Ranch Candy/Spare Parts, Communitie, Mano, Cobra Rock Boot Company, Ashley Rowe, Freda, Dirt, Moonlight Gemstones, Raba (where we shopped): Guys, seriously, the shopping is just as good, (if not better), than the local shopping in Austin. True, there aren’t too many boutiques in Marfa, but what they lack in quantity, they for sure make up for in quality. It’s like the whole town coordinated a central theme for all the buildings, art and boutiques, and that theme is high-end southwestern style. That’s what you’ll find in each of these boutiques, but each with their own unique pieces. At the boutique Raba, I literally found a vintage Chanel jacket (in the middle of the desert)! I still can’t get over that. I mean, that jacket would be impossible to find in Austin, and almost as impossible to find online, so the fact that I found it in the middle of nowhere just proves how unique and culturally significant this tiny town is. Dirt is a truck that’s parked on the side of the road, that looks like a food truck, but they sell the most amazing vintage pieces – dresses, tops and shoes. It’s pretty much amazing. And if you’re at all in to gemstones and/or crystals, you MUST check out Moonlight Gemstones. You’ll thank me later.
Prada Marfa, Marfa Lights (what we saw): Driving out to the Prada Marfa sculpture was my favorite part of the trip. It’s a half hour even further west, so once you get to it, there’s literally nothing else around except the sculpture and the desert. It’s truly one of those defining moments in your life – an experience you will never forget. Be sure to go during golden hour (right before the sun sets). The experience is so moving, you’ll probably cry. I’ve heard of people who have.
Legend has it that if you stay in Marfa and the surrounding desert long enough, you’ll come across extraterrestrial activity. The lights were first reported back in the 1800’s when a cowboy was herding his cattle. He noticed the lights in the distance and wondered if they could be something out of this world. There’s an observation area just off the road where, at night, tourists and curious locals gather to try and catch a glimpse of the unidentified moving lights. Unfortunately, when we went out there, we didn’t see them.
The Chinati Foundation, John Chamberlain, RULE Gallery, Cody Barber (art): At the Chinati Foundation, the one exhibit you can see for free is the outdoor sculptures. They’re large, square, cement sculptures on a path out in the desert. It sounds kind of boring, walking around looking at cement blocks, but combine those blocks with the beauty of the desert, and it’s actually a pretty cool exhibit. RULE Gallery was another one of my faves. It’s a bungalow house, with the cutest interior. The exhibit is, in fact, the house. You can walk through each room, just like you would when you take a tour of your friends newly renovated home. It’s pretty fun.

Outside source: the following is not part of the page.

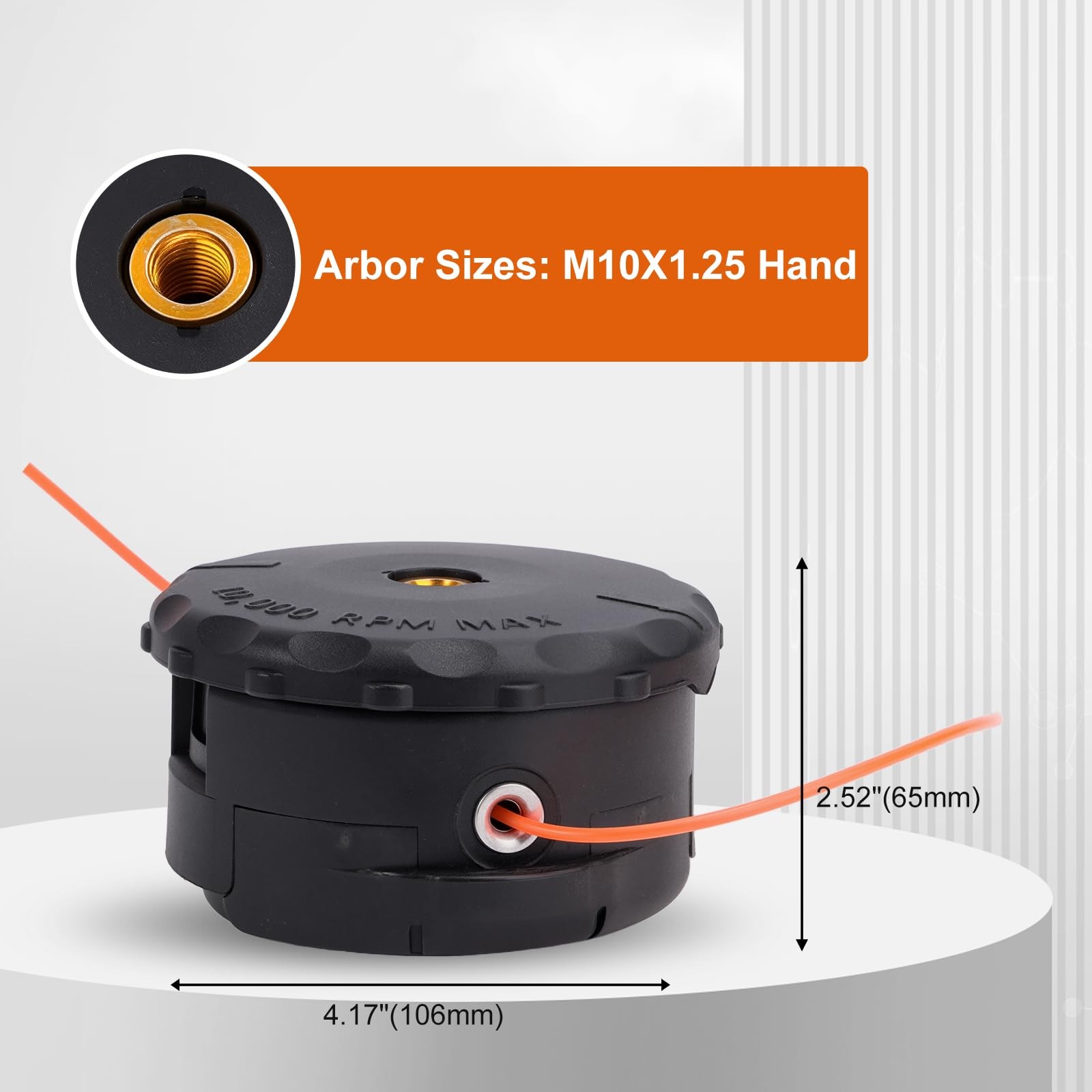 Speed Feed 400 Trimmer Head for Echo SRM-225 Shindaiwa Redmax Stihl Husqvarna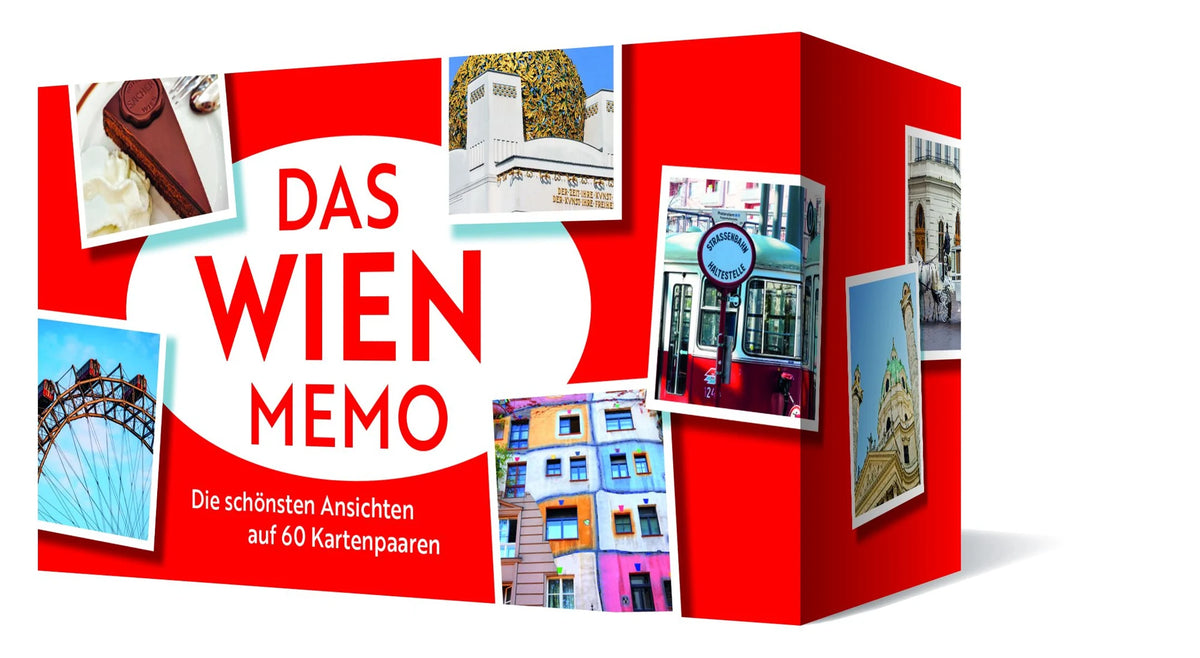 Würfelspiel: Das Wien Memo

Bonus: When you’re there, try to find the vending machine room and the GIF maker (a photo booth that’s on the side of the road). It’s so fun to stumble upon them.
What to do next time: Hotel St. George, St. George pool (It’s open late night, with a bar and music), Stellina (upscale dinner spot on the square), Al Campo, La Playa, Planet Marfa, Lost Horse Saloon, Do Your Thing Coffee, Thunderbird Hotel, Hotel Paisano, Trans-Pecos Festival – a music festival on the grounds of El Cosmico.